She jumped, her heart leaping into her throat, and swallowed hard as she staggered back a step.
So Fuery was here, and this male didn’t want her to see him. Why?
Was he that dangerous?
She focused on the building, on everyone in it, trying to find Fuery among the males she could scent. When she couldn’t feel him, she pressed her hands to her chest and focused on the connection they had once shared, expecting to feel something.
Nothing.
Tears lined her eyes as a voice in her heart whispered the male she longed to see again wasn’t here after all.
No.
He had to be here.
She studied the male opposite her, and caught the flicker of concern in his violet eyes, an emotion that told her that Fuery was here, somewhere in this hellish place, and the male knew him well.
Was worried about him.
“You cannot see him. I do not know what business a female has with Fuery, but I do know that it will not end well for him… so you will leave.” His tone, so dark and menacing, left little room for her to argue.
She did it anyway.
“No. I am not leaving without seeing him. I will not be told what to do… not anymore. I have spent four thousand years mourning Fuery… believing him dead.” Her strength wavered and her voice grew quiet as emotions bombarded her, feelings that had been tormenting her from the moment Bleu had told her Fuery was alive. She stared down at the desk, lost and adrift in those emotions. “I do not understand how that came to be… I should have been able to feel he was alive through our bond.”

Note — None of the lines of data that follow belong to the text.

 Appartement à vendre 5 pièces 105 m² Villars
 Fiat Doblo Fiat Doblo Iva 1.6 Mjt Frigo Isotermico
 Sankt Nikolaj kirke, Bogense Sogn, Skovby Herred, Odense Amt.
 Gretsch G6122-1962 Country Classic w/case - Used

The male went deathly still.
“Bond?” His deep voice was low, cautious.
She risked a glance at him, and found him staring at her, his eyes wide and lips parted, surprise painted across his face.

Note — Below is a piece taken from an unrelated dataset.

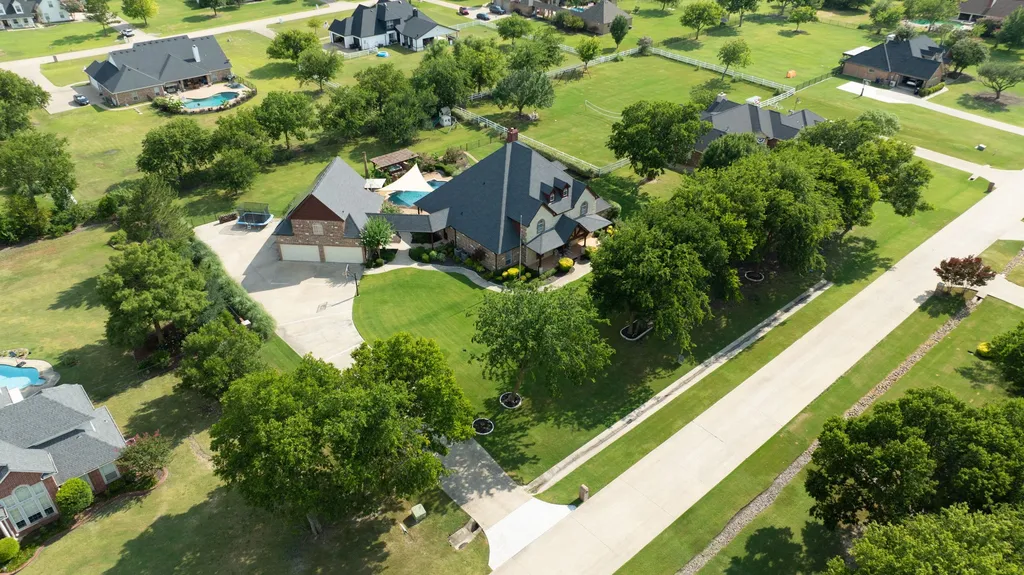465 Equestrian Drive Rockwall TX 75032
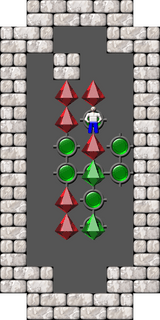 Уровень 49 — Strategy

She nodded slowly. “Fuery is my fated one. My mate.”
Gods, when was the last time she had said those words?
She stared at the male before her, numb to her bones as she let them sink in, together with the fact this male clearly knew Fuery, confirming what Bleu had told her.
Her mate was alive.
Her knees trembled, feeling suddenly weak as it swept over her, and she had to lock them to stop them from giving out and sending her to the stone floor.
Gods, he was alive.
Tears burned her eyes, pain blazed in her soul, and she reached for the connection that should have existed between her and her love.
But it wasn’t there.
“Your name?” the male said, his tone hard and unyielding. A command.
“Shaia,” she breathed, and the way his eyes widened again said that he knew that name. Her name.
He paled further, swallowed hard as he glanced at the door behind her, and then set his jaw. “Leave.”
Why?
His eyes leaped between her and the door, and she detected his fear. It was buried but there, running through him and slowly growing stronger together with other feelings. Worry. Anger.
His violet gaze finally settled on her again, and his eyes danced between hers, searching them as he stood silently on the other side of the desk, gripped by whatever thoughts were running through his mind.
Thoughts about Fuery?
“Please?” she whispered and inched towards him. If he could feel her feelings as she could feel his, then he had to know that she needed to see Fuery. She needed to know her mate was alive, even if he was unwell. “I have trekked for days… I am tired and I will not believe Fuery lives until I see him with my own eyes. I need to see him.”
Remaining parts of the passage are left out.